15 Responses leave one →
  1. March 15, 2020

    More great east end photos. Terrific work

  2. simon smith permalink
    March 15, 2020

    Outstanding photo’s, would love to see a book

  3. March 15, 2020

    Fabulous set of photos. You would’nt use the knife sharpener, there’d be nothing left! Where are they all now?
    PCU

  4. Kay permalink
    March 15, 2020

    A jog to my memory. How easy to forget how a place once looked compared to how it looks

    today. I have enjoyed these photos thank you. Kay

  5. March 15, 2020

    Heart-wrenching, poignant.

  6. March 15, 2020

    David obviously went on some wonderful walks! Thanks for publishing these brilliant photographs. I hope we will see more.

  7. March 15, 2020

    GA, you’ve brought us many remarkable photographic essays, and as Shakespeare said —
    “Comparisons are odious”. However, this series tugged at my heart and made think deeply about the human condition. Starting with the intrepid (seemingly-fearless!) street urchins (“watch OUT for those shards of glass there……”), to the babushka lady in the forlorn storefront (who wouldn’t want to go pick some daisies for her and lift her spirits just a bit?), to the rowdy brotherhood carousing amidst the empties, and the old fellow at the piano (oh just pull up a wobbly chair and listen for as LONG as he wants to play……I’m here). And the topper was the lady and her aluminum beach chair — the ultimate “lost in thought” photographic image, methinks.
    The endurance and fragility of man……captured.
    Deep thanks to you and Mr. Truzzi-Franconi

  8. Stephen Barry permalink
    March 15, 2020

    A terrific record of East End life. The really sad thing is that the last photo of people sleeping rough outside the Covent Garden church could be replicated exactly today.

  9. Pauline Taylor permalink
    March 15, 2020

    Lynne Perrella has said it all for me, thank you Lynne, all I can add is that I, as an art student, was shown the wonderful world of Henri Cartier- Bresson photographs and taught to use a rollieflex camera by the late great Nigel Henderson. I am sure that he would appreciate these superb photos, and thank you David Truzzi- Franconi for allowing the gentle author to share them with us on an, otherwise rather grim, Sunday morning.

  10. Saba permalink
    March 15, 2020

    David Truzzi- Franconi, GA and GRs (Gentle Readers!), hard times in the past as I have realized through many of the photographic essays. This essay seems to build a sequence from the children playing on the ruins of the homes and workplaces of past generations to disillusioned-looking drinkers to a scene of quiet meditation and a city sleeping.
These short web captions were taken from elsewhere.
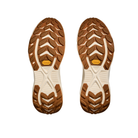 Top view of HOKA Women's Transport 2 Wide Black/White shoe soles with a rugged tread pattern on a white background.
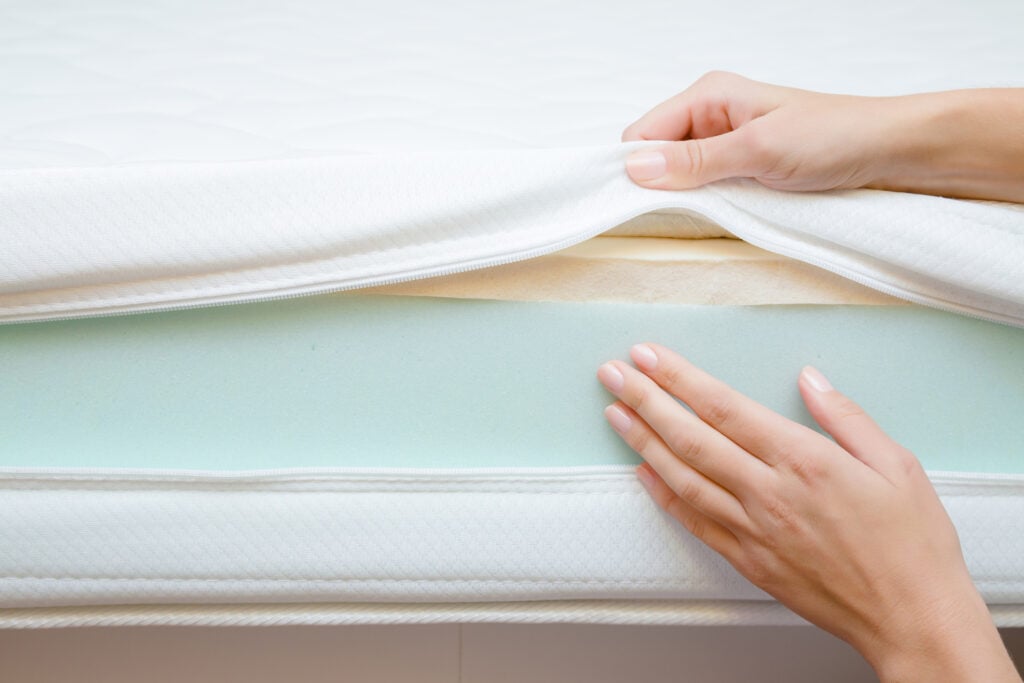 Complete Mattress Buying Guide for 2026: How to Choose the Best Bed for You 1 Hands inspecting a mattress cover revealing layers of foam, including memory foam, emphasizing mattress construction and material quality for informed sleep choices.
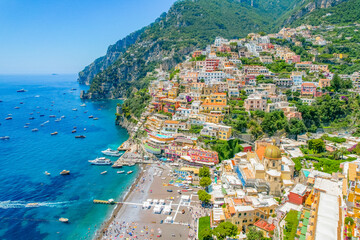 Positano town, beach and beautiful colorful houses on the cliff in Amalfi coast in Italy
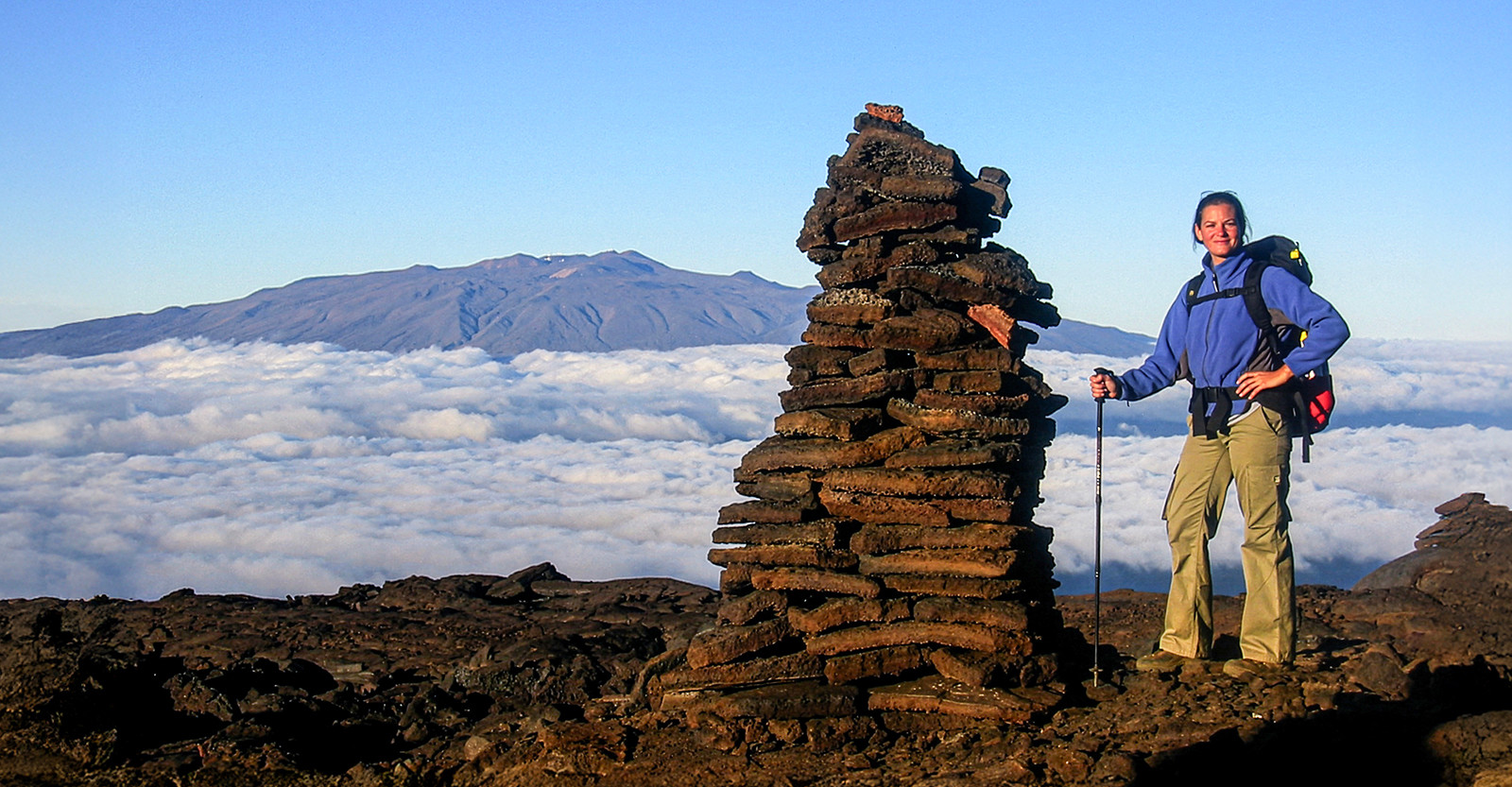 Hiking across volcanic landscapes with Mauna Kea on the horizon in Hawaii.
Many of the subjects must have known and been fundamentally changed by WWII. As many will say during Passover next month, may we never forget.

  11. Pimlico Pete permalink
    March 15, 2020

    Photo seven with its shop fronts in advanced decay: a first glance suggests that nothing remains alive. But what a surprise to see that number 35 was still hanging on, open for business. Old Montague Street perhaps? An earlier Kelly’s directory lists the occupier of that shop as Joseph Putter, Greengrocer.

  12. Hernando Cañardo permalink
    March 15, 2020

    Excellent Pictures !!!

  13. March 15, 2020

    So Very Sad. Hard Live, Bless Them.???

  14. Ramon Cook permalink
    March 16, 2020

    Within living memory being a kid in the 70’s but seems nostalgic, sadly for the wrong reasons ?

  15. Dave R permalink
    March 20, 2020

    Noble and respectful, beautifully composed, perfectly lit. Magnum quality studies.